Berdasarkan hal-hal itulah artikel ini diberi judul “arsenal melawan kepala
melalui hukum progresif”. Gagasan hukum progresif (2002) muncul disebabkan oleh
kegalauan para kepala, menghadapi kinerja hukum yang banyak gagal untuk
menyelesaikan persoalan-persoalan bangsa ini. Terutama sejak bergulirnya era
reformasi, yang ditandai oleh ambruknya kekuasaan kepala-kepala negara, mulai
dari Soekarno, Presiden Suharto yang otoriter selama berpuluh-puluh tahun itu,
harapan rakyat terhadap hukum sebagai sang juru penolong makin melambung
tinggi. Supremasi hukum sudah dianggap sebagai panacea, obat
mujarab bagi semua persoalan. Harapan tersebut sangat membebani hukum untuk
mencapai hasil sebagaimana diharapkan. Di lain pihak berbagai polling dan
survai malah menunjukkan, bahwa cukup banyak prestasi yang tidak memuaskan. Ini
menyebabkan kesenjangan yang melebar antara harapan dan kenyataan, sehingga
menuai kekecewaan.
Kepala yang bodoh dan bebal,
Tidak mengenal, orang bermoral.
Berteman penjilat, dijadikan modal,
Berbuat zalim, tidak menyesal.
Mungkin baik untuk memulai risalah ini
dengan membicarakan moral melawan kepala yang zalim, melalui hukum progresif.

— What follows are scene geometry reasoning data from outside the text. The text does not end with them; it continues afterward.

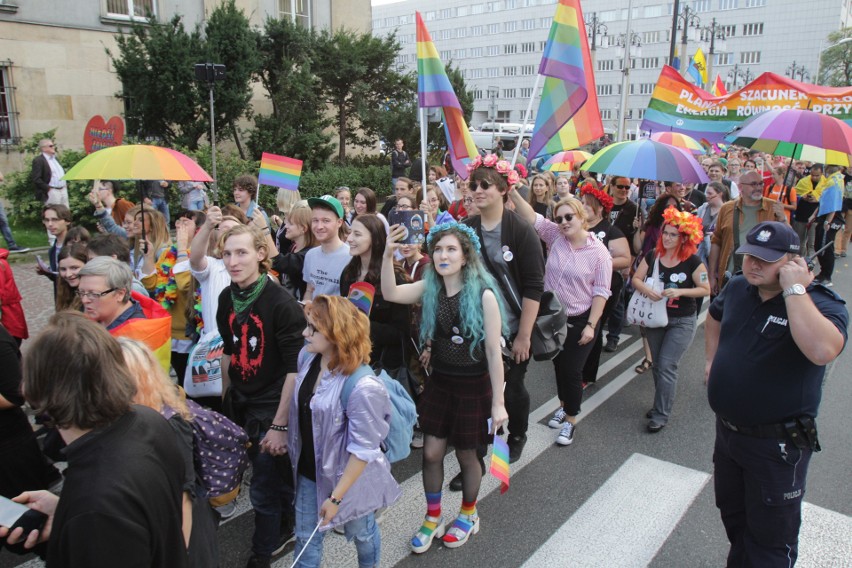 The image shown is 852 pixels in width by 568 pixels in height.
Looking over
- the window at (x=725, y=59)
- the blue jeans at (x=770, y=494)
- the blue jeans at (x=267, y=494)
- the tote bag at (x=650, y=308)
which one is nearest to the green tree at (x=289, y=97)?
the tote bag at (x=650, y=308)

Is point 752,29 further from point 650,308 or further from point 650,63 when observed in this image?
point 650,308

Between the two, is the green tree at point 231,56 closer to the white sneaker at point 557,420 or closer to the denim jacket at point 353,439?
the white sneaker at point 557,420

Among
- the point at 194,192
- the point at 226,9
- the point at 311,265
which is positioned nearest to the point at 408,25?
the point at 226,9

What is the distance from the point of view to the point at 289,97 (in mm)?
17484

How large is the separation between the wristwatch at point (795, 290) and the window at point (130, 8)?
17.3 metres

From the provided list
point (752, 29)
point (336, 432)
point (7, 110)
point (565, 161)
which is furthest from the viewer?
point (752, 29)

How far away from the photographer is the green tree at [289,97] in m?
17.2

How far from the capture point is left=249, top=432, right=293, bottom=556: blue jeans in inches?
126

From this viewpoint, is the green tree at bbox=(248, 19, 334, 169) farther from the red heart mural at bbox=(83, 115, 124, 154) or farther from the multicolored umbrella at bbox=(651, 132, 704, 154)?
the multicolored umbrella at bbox=(651, 132, 704, 154)

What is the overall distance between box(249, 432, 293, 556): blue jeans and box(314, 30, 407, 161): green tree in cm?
1727

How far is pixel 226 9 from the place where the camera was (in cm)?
1551

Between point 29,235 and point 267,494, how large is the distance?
12.0 m

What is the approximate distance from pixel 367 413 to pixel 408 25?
101693mm

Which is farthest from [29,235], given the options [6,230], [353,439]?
[353,439] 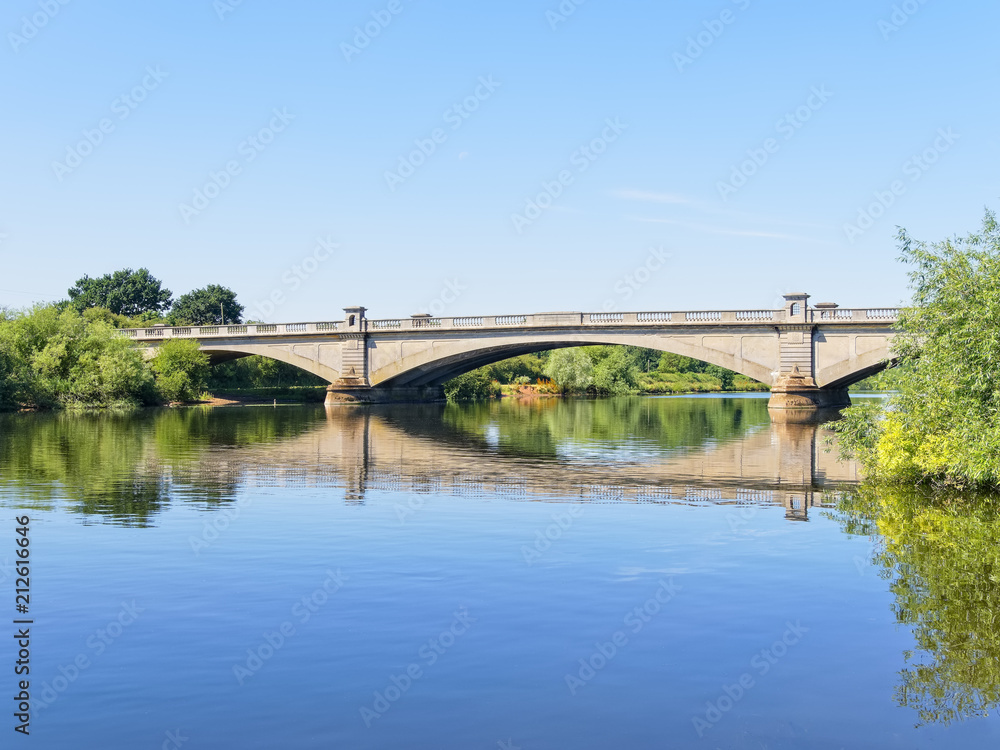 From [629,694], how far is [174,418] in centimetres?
4638

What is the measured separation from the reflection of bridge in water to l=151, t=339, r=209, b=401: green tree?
1306 inches

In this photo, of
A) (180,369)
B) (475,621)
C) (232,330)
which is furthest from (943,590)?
(232,330)

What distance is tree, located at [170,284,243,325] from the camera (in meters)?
115

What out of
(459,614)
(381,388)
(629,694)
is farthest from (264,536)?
(381,388)

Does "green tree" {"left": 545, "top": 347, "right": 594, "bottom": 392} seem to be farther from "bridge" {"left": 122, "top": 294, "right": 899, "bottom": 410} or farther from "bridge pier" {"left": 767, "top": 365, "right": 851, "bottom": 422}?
"bridge pier" {"left": 767, "top": 365, "right": 851, "bottom": 422}

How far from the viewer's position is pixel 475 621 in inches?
392

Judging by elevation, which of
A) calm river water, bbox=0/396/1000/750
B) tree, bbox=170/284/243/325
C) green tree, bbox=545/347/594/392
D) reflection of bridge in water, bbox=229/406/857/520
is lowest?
calm river water, bbox=0/396/1000/750

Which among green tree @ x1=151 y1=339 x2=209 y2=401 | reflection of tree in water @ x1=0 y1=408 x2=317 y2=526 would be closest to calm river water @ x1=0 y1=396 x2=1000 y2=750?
reflection of tree in water @ x1=0 y1=408 x2=317 y2=526

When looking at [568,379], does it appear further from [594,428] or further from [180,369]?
[594,428]

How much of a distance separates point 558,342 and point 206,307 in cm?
6645

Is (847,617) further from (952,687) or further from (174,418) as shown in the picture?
(174,418)

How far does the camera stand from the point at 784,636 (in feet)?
30.9

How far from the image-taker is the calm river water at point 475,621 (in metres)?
7.30

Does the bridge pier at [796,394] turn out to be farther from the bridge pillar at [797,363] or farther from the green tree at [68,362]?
the green tree at [68,362] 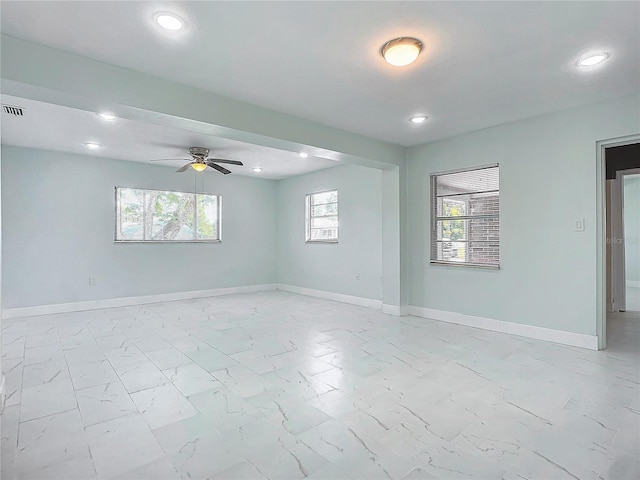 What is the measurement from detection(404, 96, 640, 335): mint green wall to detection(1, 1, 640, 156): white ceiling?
0.35m

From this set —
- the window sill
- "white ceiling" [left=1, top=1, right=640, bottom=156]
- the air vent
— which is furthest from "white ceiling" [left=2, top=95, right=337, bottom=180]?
the window sill

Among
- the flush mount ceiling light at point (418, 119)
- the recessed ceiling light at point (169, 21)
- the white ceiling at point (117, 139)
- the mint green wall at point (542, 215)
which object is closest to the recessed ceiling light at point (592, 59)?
the mint green wall at point (542, 215)

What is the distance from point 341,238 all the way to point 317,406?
179 inches

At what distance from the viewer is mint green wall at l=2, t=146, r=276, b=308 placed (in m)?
5.41

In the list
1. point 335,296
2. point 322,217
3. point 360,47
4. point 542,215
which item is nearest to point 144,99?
point 360,47

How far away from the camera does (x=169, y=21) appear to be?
228 cm

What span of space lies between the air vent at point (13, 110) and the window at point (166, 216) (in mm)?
2407

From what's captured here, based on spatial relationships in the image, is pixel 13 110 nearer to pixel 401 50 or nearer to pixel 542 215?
pixel 401 50

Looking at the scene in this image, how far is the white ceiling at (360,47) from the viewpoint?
2.18 metres

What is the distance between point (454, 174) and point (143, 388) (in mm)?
4523

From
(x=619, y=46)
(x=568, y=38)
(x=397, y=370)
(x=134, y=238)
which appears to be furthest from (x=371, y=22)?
(x=134, y=238)

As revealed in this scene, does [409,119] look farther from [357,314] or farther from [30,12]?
[30,12]

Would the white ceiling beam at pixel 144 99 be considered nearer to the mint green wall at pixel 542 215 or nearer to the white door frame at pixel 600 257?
the mint green wall at pixel 542 215

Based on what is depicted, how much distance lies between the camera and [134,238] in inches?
256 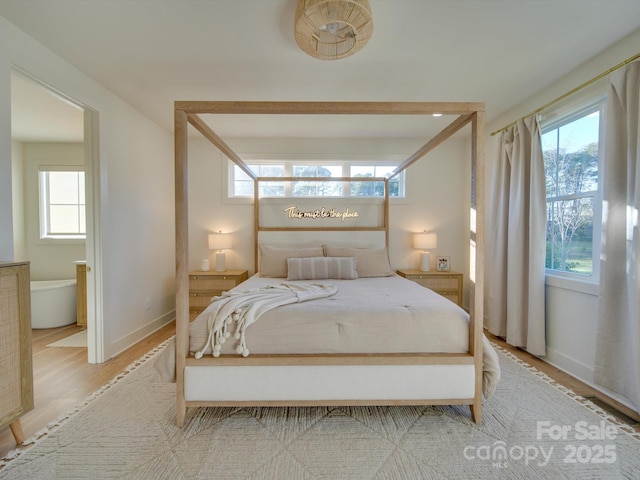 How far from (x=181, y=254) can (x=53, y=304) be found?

Kandungan moral “melawan” ini adalah kepedulian yang tidak kunjung berhenti,
mengenai bagaimana mendorong hukum untuk memberikan yang lebih baik dan lebih
baik lagi kepada bangsanya. Salah satu perwujudan moral “melawan dan merobohkan”
tersebut adalah pada waktu dibicarakan tentang hukum progresif sebagai
kesinambungan antara merobohkan dan membangun (Jurnal Hukum Progresif Volume 2,
Nomor 1/April 2006). Moral melawan melalui hukum progresif ingin mendorong agar
cara kita berhukum tidak pernah mengenal waktu untuk berhenti, melainkan selalu
ingin melakukan sesuatu menuju kepada keadaan yang lebih baik.
Kandungan moral “melawan” yang demikian
itu disebabkan oleh penerimaan paradigma manusia di atas paradigma aturan (rule). Sejarah
hukum menjadi saksi tentang bagaimana, dari waktu ke waktu, dari abad ke abad,
manusia bergulat dengan dan membangun tatanan kehidupannya. Ada satu tragedi di
situ, yaitu tentang keinginannya untuk membangun satu tatanan, tetapi pada
waktu yang sama tatanan itu dirombaknya kembali, karena manusia merasa tidak
betah tinggal di situ.
Amandir-mengamandir Undang-Undang Dasar
mungkin merupakan contoh yang baik mengenai tragedi tersebut. Bangsa
Indonesia membuat Undang-Undang Dasar dengan tujuan agar kehidupannya lebih
mapan untuk waktu yang abadi. Dalam waktu berpuluh-puluh tahun, lebih dari
setengah abad, memang ia berhasil mewujudkan mimpinya itu, tetapi tidak lebih
lama daripada itu. Kompromi antara menjaga kelestarian dan perubahan dilakukan
dengan membuat amandemen-amandemen.
Pada masa awal reformasi, di
penghujung tahun 90-an, pemerintahan Habibie mencapai rekor produksi
perundang-undangan dalam masa transisi yang pendek. Apabila dikaitkan pada reformasi, maka pada waktu itu,
problem-problem dalam reformasi seolah-olah telah dijawab dengan memroduksi
undang-undang atau dapat juga dikatakan, bahwa reformasi hukum dilakukan dengan
memproduksi undang-undang secara masal. Tetapi
jawaban yang demikian itu tidak menyelesaikan masalah, karena ia tidak
bergeming sesudah “digelontor” dengan sejumlah besar
undang-undang baru.
Kesimpulan yang dapat ditarik adalah,
bahwa terdapat kesalahan dalam cara bangsa ini berhukum. Konklusi tersebut
mendorong kita untuk melihat kembali kepada cara-cara yang dilakukan dalam
mewujudkan negara hukum. Negara hukum adalah sebuah bingkai (framework) besar
yang memuat prinsip-prinsip yang menuntun cara bangsa untuk menata (organize) serta
menyalurkan proses-proses dalam masyarakat, sehingga tercapai tujuan sosial,
politik, ekonomi dan lain-lain dalam bernegara tersebut. Ada hal yang kurang
benar dalam cara kita berhukum, sehingga dengan cara yang selama ini dijalankan
masyarakat menilai hukum tidak bekerja dengan baik.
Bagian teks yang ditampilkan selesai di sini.